Our goals don’t have to be mountains. Sometimes, they are small and seem silly, yet completing them can make us feel productive, allow us to gain positive momentum, and can fuel other, more significant progress. Taking action doesn’t always have to be a grand gesture. It doesn’t always have to be big and scary.

Sometimes the next step, no matter how small or insignificant, is just the next right step. Each step leads to change that we may not notice as we take them one by one, but when we look back, everything has shifted.

We have to make room for the steps; even the smallest steps need space.

How can you create some space in your world?
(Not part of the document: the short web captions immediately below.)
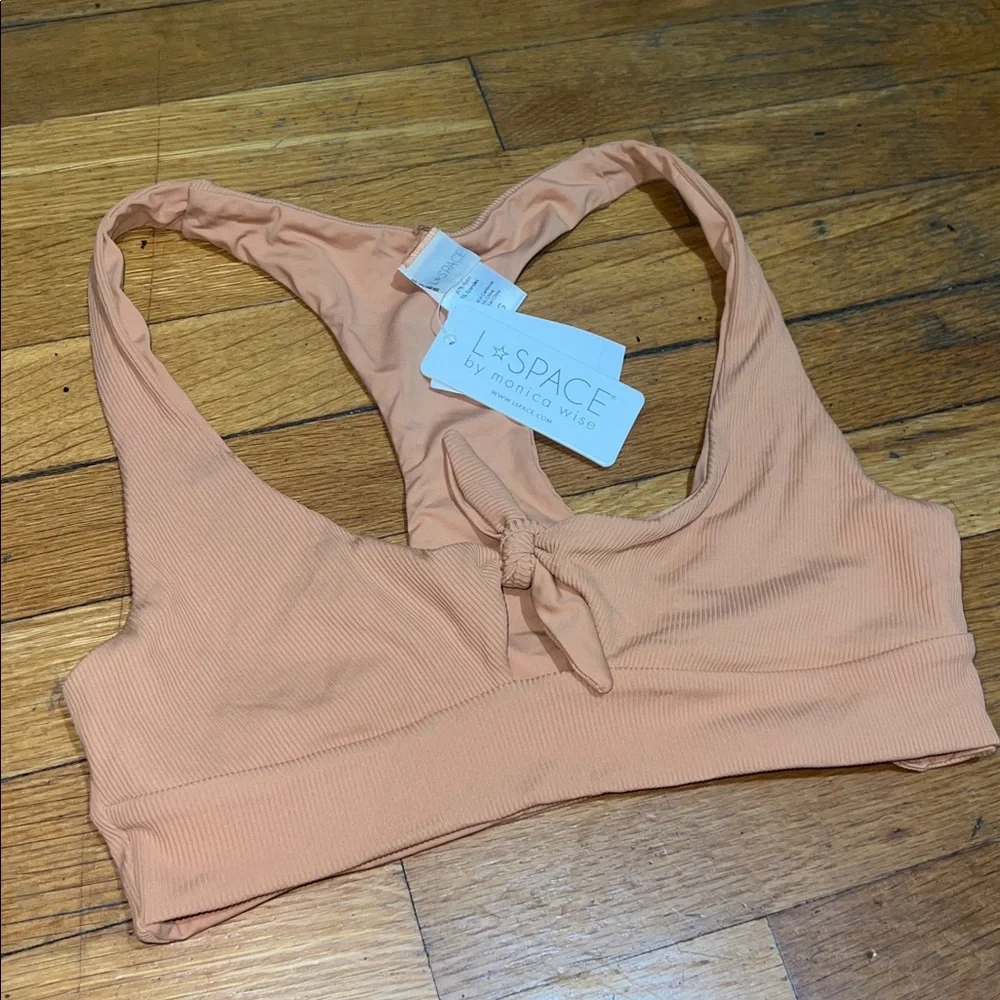 L*Space The Ribbed Tara Bikini Top in Cinnamon Tan, size Large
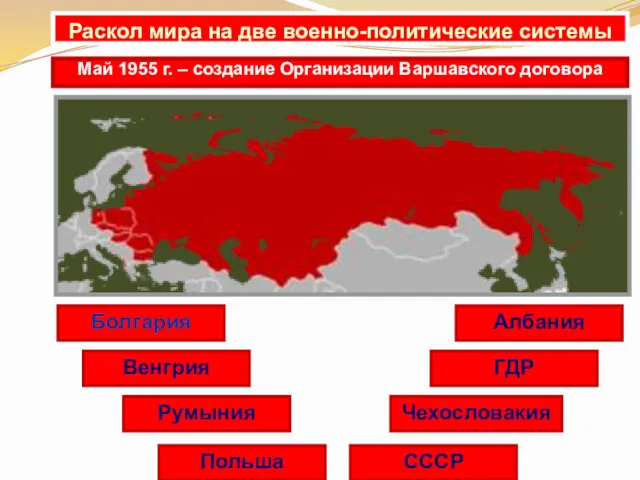 Раскол мира на две военно-политические системы Май 1955 г. –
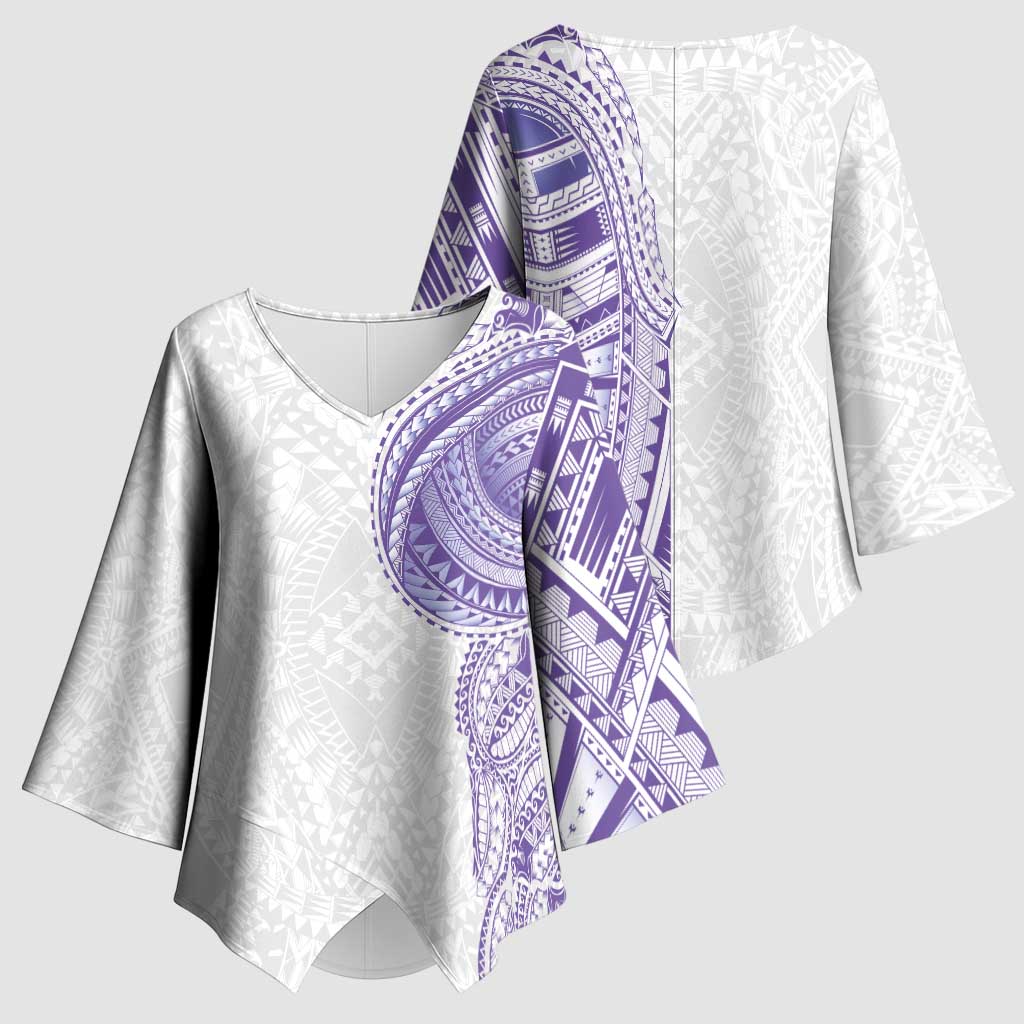 Traditional Polynesian Art Tattoos Kimono Sleeve Blouse Purple Color LT03 - Polynesian Pride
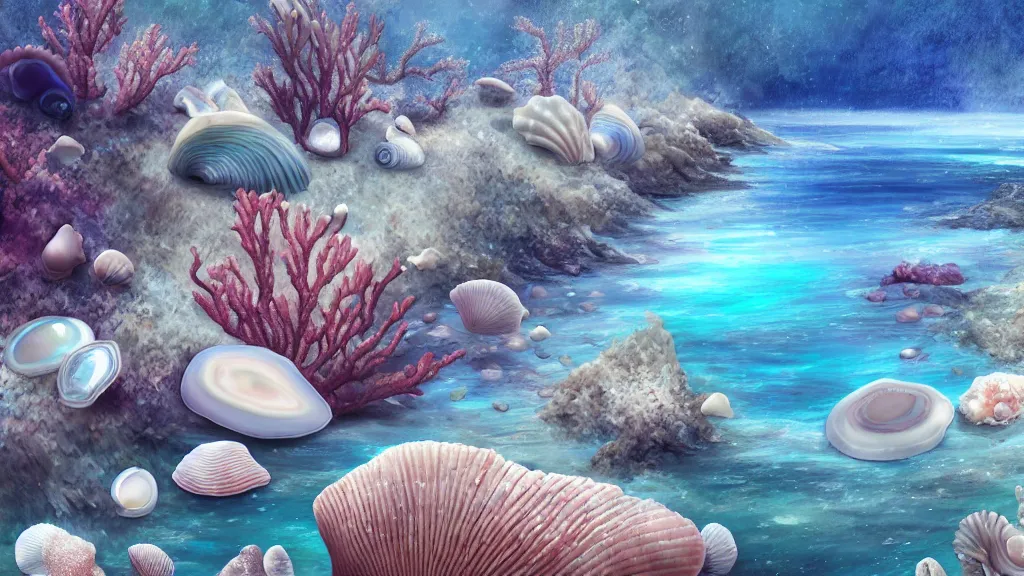 Prompt: landscape, corals, nacre, sea, white, iridescent, shells. fantasy, digital painting, hd, highly detailed.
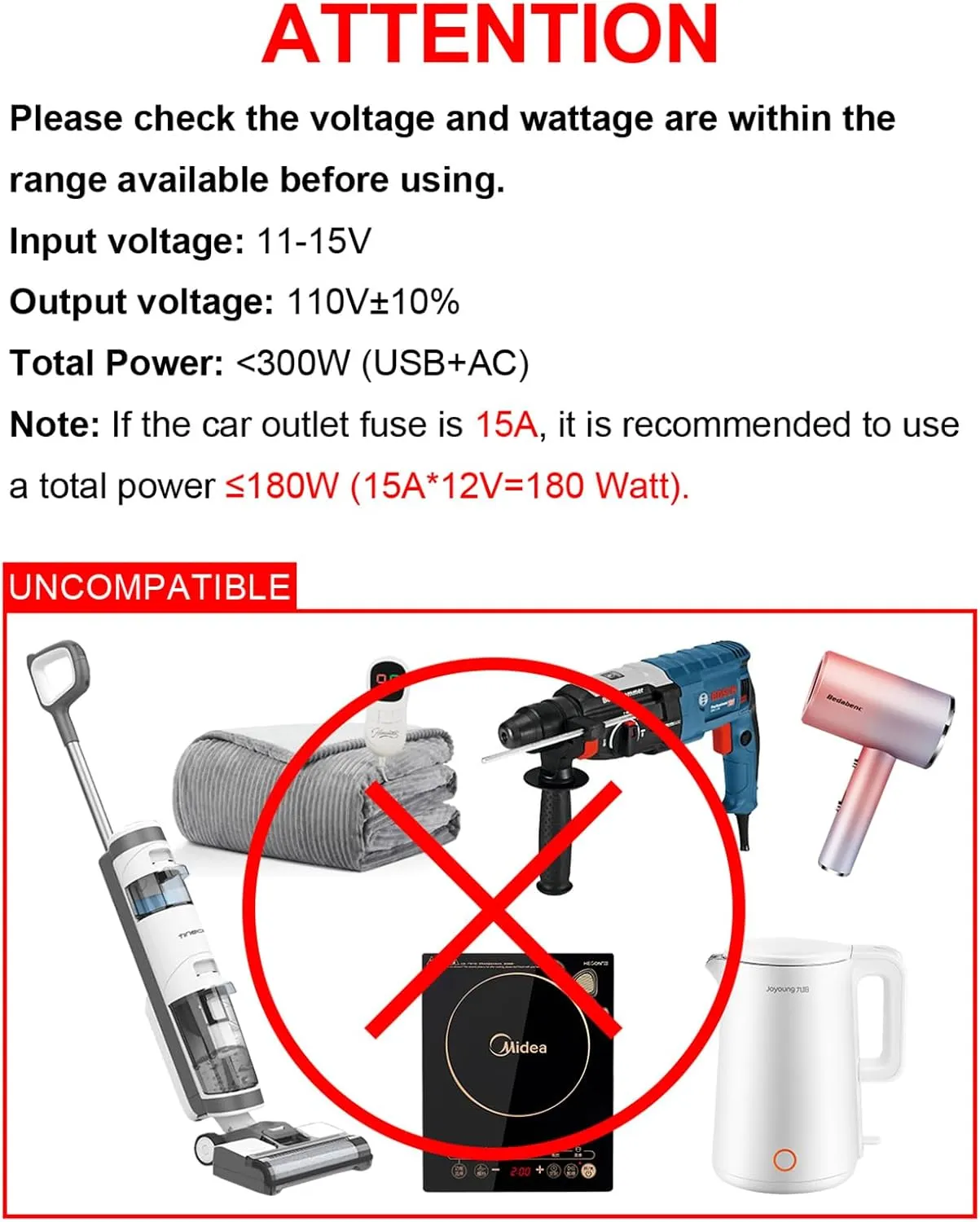 300W Car Power Inverter - YSOLX Dual DC 12V to 110V AC Car Outlet Adapter to Wall Plug, 24W Fast Charging USB-C&USB-A, Portable ​Charger Converter with for Laptops, Phones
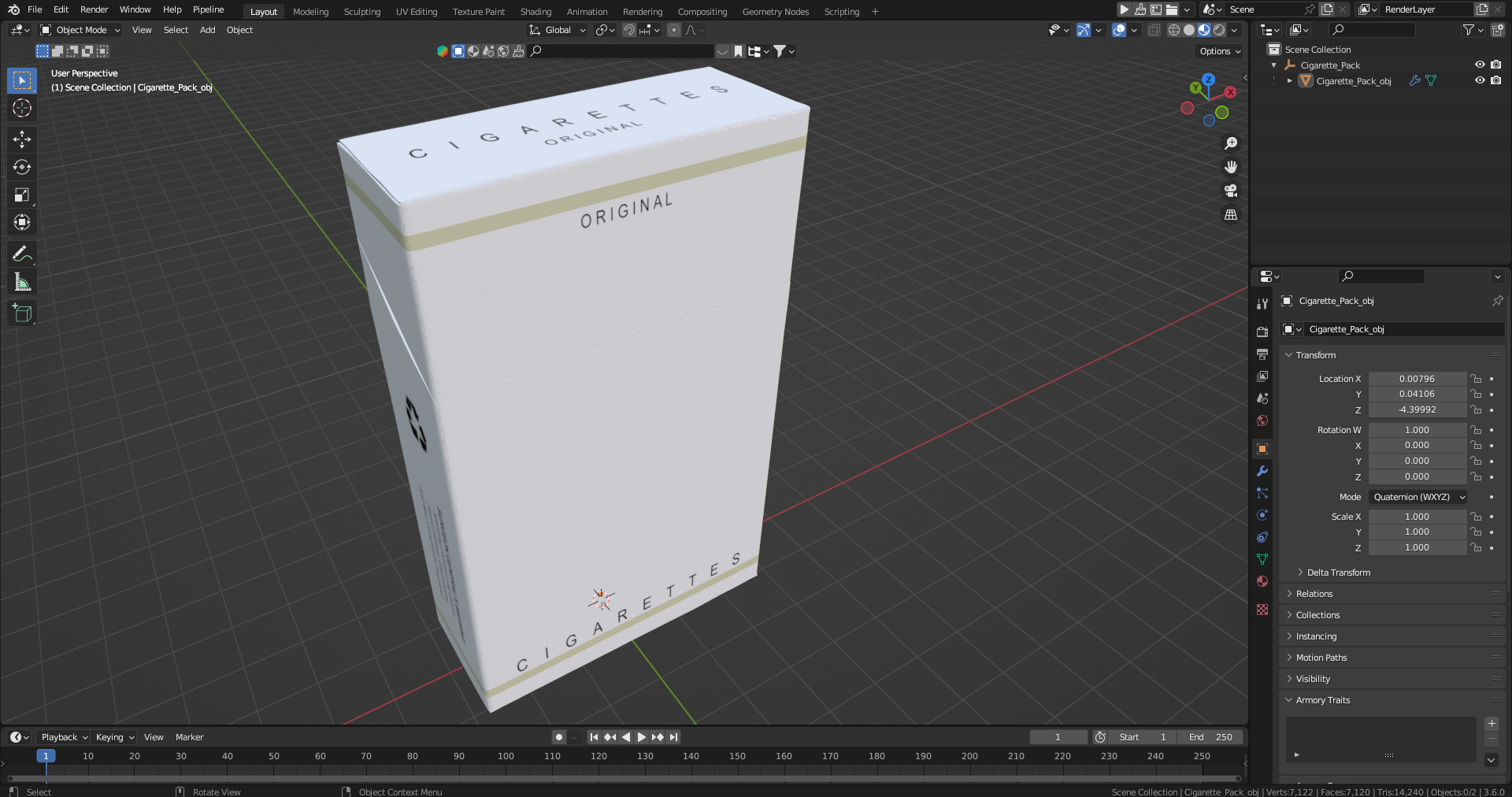 Cigarette Pack 3D model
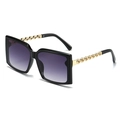 Chic square oversized sunglasses with purple gradient lenses and gold chain-link arms - Regular / Black Frame Double Gray Lens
What could you fill that space with, once you created it?

white, space

 

 

A Year of Tuesdays

I didn’t realize this until tonight, but this blog is one year old.

On August 11th, 2017, I hit Publish on my first post, Starting.

I had more excuses, more fear, more insecurities about launching a blog than I can list. I thought I wasn’t ready. I was quite sure I would run out of ideas for content. I certainly needed to understand a bit better the mechanics of maintaining a blog. I knew there were others out there who had been at it longer, who were absolutely doing it better, reaching far more people, having a much deeper impact than I could. I definitely thought people wouldn’t read it. I also thought they would, and that no one would like what I had to say, or feel it was relatable in any way.

You’re reading this today because I disregarded all of that bullshit that I built up in my head. I took the leap, and I have continued to do so for fifty-two weeks.

I have been a blogger for a year. It took me much longer to identify as such than I care to admit. For months, I wasn’t a “real” blogger. I was just someone posting words, online. I gave plenty of credit to others, who were doing the same damn thing, who surely understood they were the true real deal.

It’s been a year of pushing past my inner critic. Every week that I hit that green “Publish” button, I do it with varying amounts of trepidation.

Fear, excuses and insecurities don’t dissipate just because you jump. You just have to be louder.

I am a blogger. I am a writer. My content speaks to people. I haven’t missed a week. Sure, there were Tuesdays where there may not have been substantial content, but I showed up here, every single week no matter what.

I’ve learned more than how to build a blog here. I’ve learned about connection and conversations and vulnerability and so, so much more.

What could you do today, to get you closer to where you want to be?

What could you create, if you simply committed to showing up?

What would happen, if you just decided to start?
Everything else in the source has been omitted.